▶ _RAW DATA_:
• • • • • • •
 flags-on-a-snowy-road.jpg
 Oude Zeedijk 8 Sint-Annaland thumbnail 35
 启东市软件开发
• • • • • • •
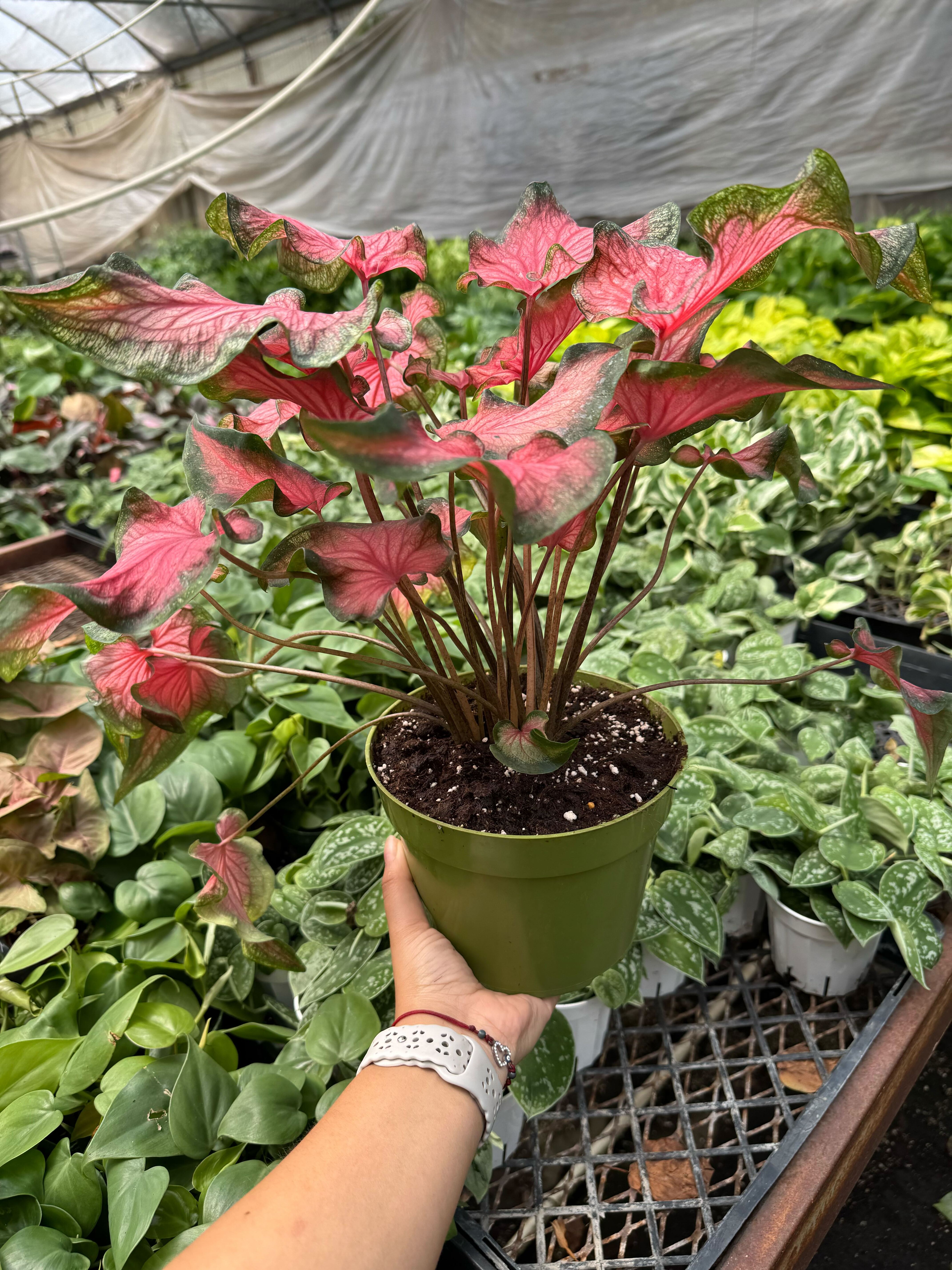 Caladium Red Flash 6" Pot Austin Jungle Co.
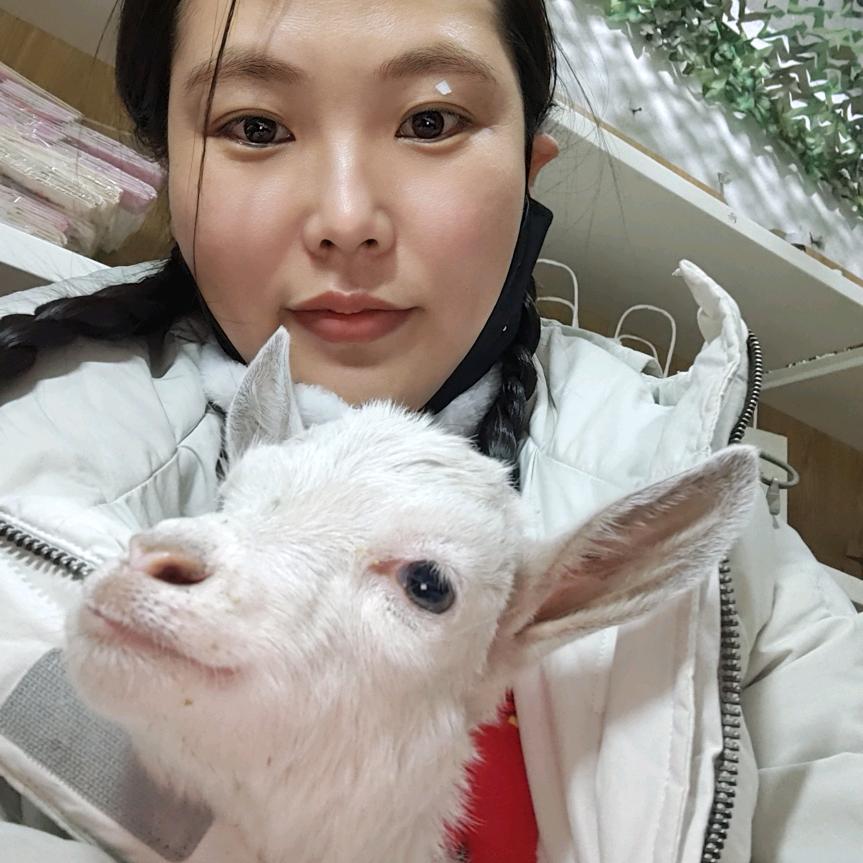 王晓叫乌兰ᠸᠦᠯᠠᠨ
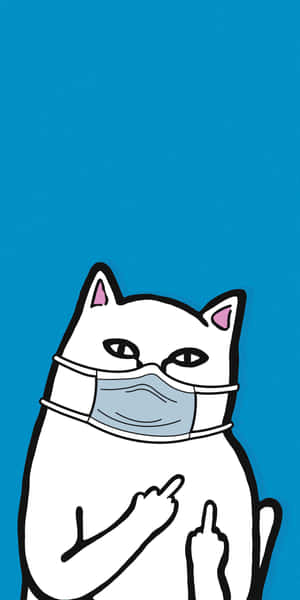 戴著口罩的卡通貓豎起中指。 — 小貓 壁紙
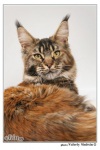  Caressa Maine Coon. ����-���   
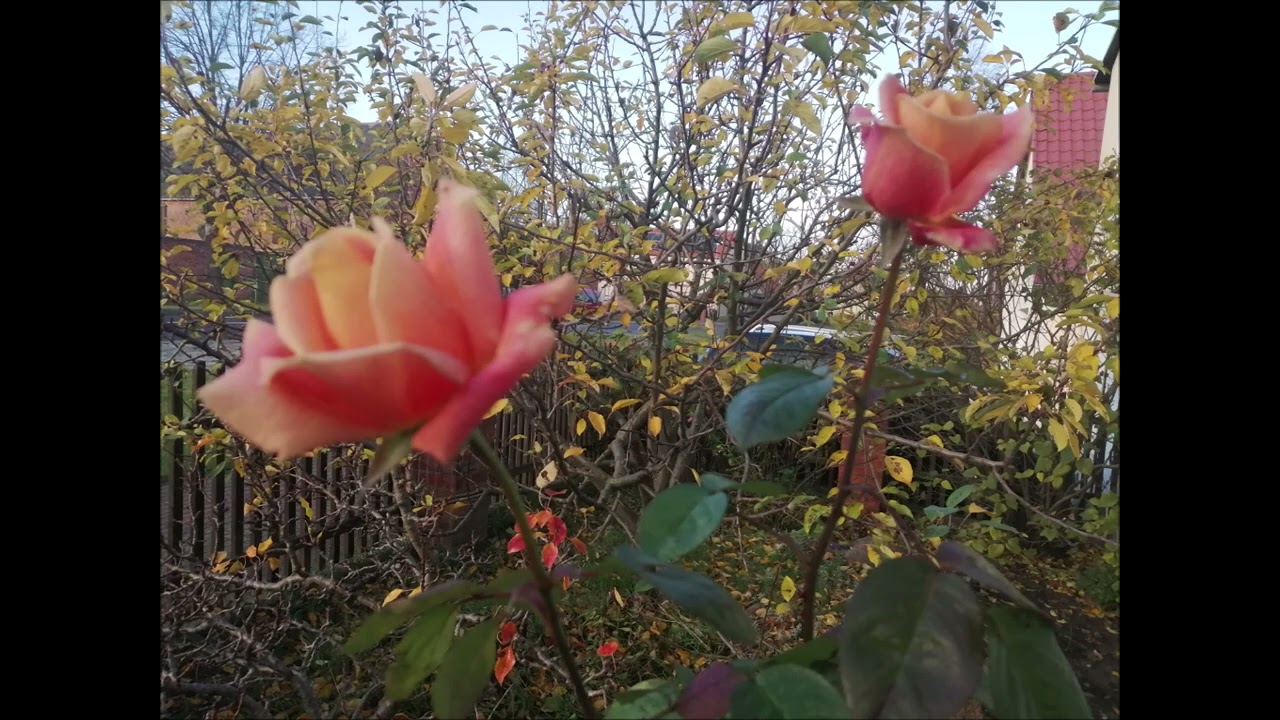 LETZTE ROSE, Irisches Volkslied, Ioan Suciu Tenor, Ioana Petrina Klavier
• • • • • • •
Only one stretch of the data is wanted: write out exactly the lines from the one holding "Caressa Maine Coon. ����-���" through the one holding "LETZTE ROSE, Irisches", both included, without the pictures.

  Caressa Maine Coon. ����-���   
 LETZTE ROSE, Irisches Volkslied, Ioan Suciu Tenor, Ioana Petrina Klavier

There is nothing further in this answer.